Hoofdstuk 25

127 13 6
                                    

Robbert opent weer netjes het portier voor me. Ik pak zijn hand en stap uit.

‘Bedankt voor het rijden,’ zeg ik nog kort tegen de chauffeur. Hij gromt. Wat is dat toch een gezellige man. Hij had tijdens de rit terug telkens via het achteruitkijkspiegeltje naar ons gekeken terwijl wij lachend de avond nog eens doornamen. Het was echt heel leuk geweest, we waren in het begin nogal vaak tegen de kanten van de rivier aangevaren, maar dat lag natuurlijk niet aan mij. Ten slotte was ik niet degene die peddelde, toch?

Robbert loopt met me mee tot aan de voordeur, met zijn hand rustend op mijn schouder. Bij de deur aangekomen legt hij zijn andere hand op mijn vrije schouder en draait hij me naar zich toe. Dan laat hij me los en steekt hij zijn handen in zijn nette broek. Ja, hij zag er erg netjes uit toen hij me op kwam halen. Nu? Laten we het erop houden dat het donker is en je niet zo veel kunt zien.

‘Dus,’ zeg ik maar als Robbert niets zegt.

‘Heb je het naar je zin gehad?’ 

‘Heel erg. Om eerlijk te zijn zat ik er in het begin tegenop door hele situatie enzo, maar ik ben nu toch wel blij dat je me hebt meegenomen.’

Robbert glimlacht, ‘Dat is fijn om te horen.’ Ik knik en het valt weer stil. Ik kan eigenlijk net zo goed aanbellen, maar ik wil niemand wakker maken. Onzin. Hoe laat zou het zijn? Wel na elven denk ik. Maar niet belachelijk laat. En het is zaterdag, wie gaat er nou op zaterdag op tijd naar bed? Ik zucht en draai me om naar de deur zodat ik kan aanbellen. Ik druk op de bel en wacht tot er iemand open zal doen. Ik voel weer een hand op mijn schouder en Robbert kijkt me aan. Dit hier, Robbert en ik, wachtend bij de voordeur, het is net een romantisch cliché.

Robbert pakt mijn kin zachtjes beet en leunt naar me toe. Dan drukt hij zijn lippen op mijn wang. Precies op hetzelfde plekje als die keer dat ik gedag zei voordat ik hierheen zou komen.

‘Bedankt voor de leuke avond, Medie.’ Ik glimlach als hij mijn naam zegt en ik bloos.

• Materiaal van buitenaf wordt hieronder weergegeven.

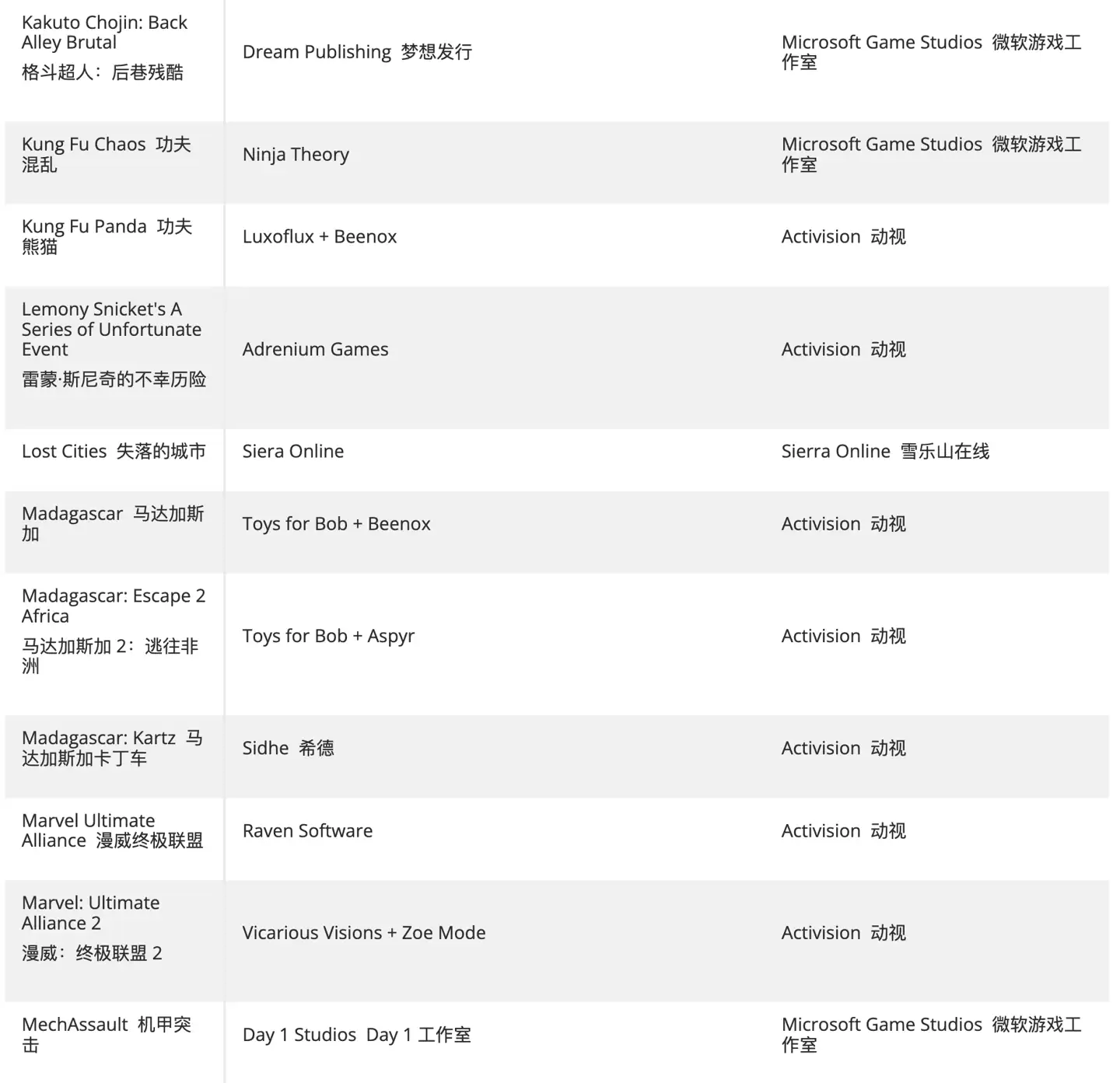 热心玩家创建清单,汇总仍未登陆 XGP 的动视、B 社、微软第一方游戏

‘Graag gedaan.’ Hij houdt nog steeds mijn kin vast en ik ruik en voel zijn pepermuntadem op mijn gezicht. Gelukkig heeft hij geen cola meer gedronken. Dan wordt de deur open gedaan en verschrikt laat Robbert mijn kin los en stapt naar achteren. Jo staat glimlachend voor de deur.

‘Heb ik iets verstoord?’ vraagt ze nieuwsgierig.

‘Nee hoor,’ zeg ik, ‘We namen alleen afscheid.’ Ik kijk naar Robbert en hij knikt.

‘Inderdaad,’ zegt hij. ‘Nogmaals, ik heb het erg leuk gehad. We bellen of sms’en wel, ja?’

‘Is goed, doei!’

‘Dag!’ Hij draait zich om en loopt naar de taxi, waar de chauffeur snel zijn raam dichtdraait. Had hij serieus toegekeken? Hoe is Robbert ooit bij deze man terecht gekomen? Ik zwaai nog een keer en sluit dan de deur achter me. Ik kijk Jo lachend aan. Zij kijkt mij ook aan, hoopvol, wachtend tot ik ga vertellen hoe het was.

‘Sorry Jo, maar ik ben moe. Kanoën is erg uitputtend, dus ik ga alvast naar bed.’

‘Is goed, meisje. Welterusten.’

‘Welterusten!’  

Ik wordt wakker door een soort geklop op de deur. Ik draai me om en pak mijn mobiel van het nachtkastje. 8:42, het is nog geen negen uur, en niet te vergeten; het is zondag. Ik besluit dat ik nog wel even mag blijven liggen dus ik trek mijn deken op tegen mijn kin. Er wordt nog eens geklopt. Is er iets speciaals dan vandaag? Can wou niet met me afspreken omdat ik gisteravond een date had. Een date! Ik begin te grinniken. Ja, het was een leuke avond.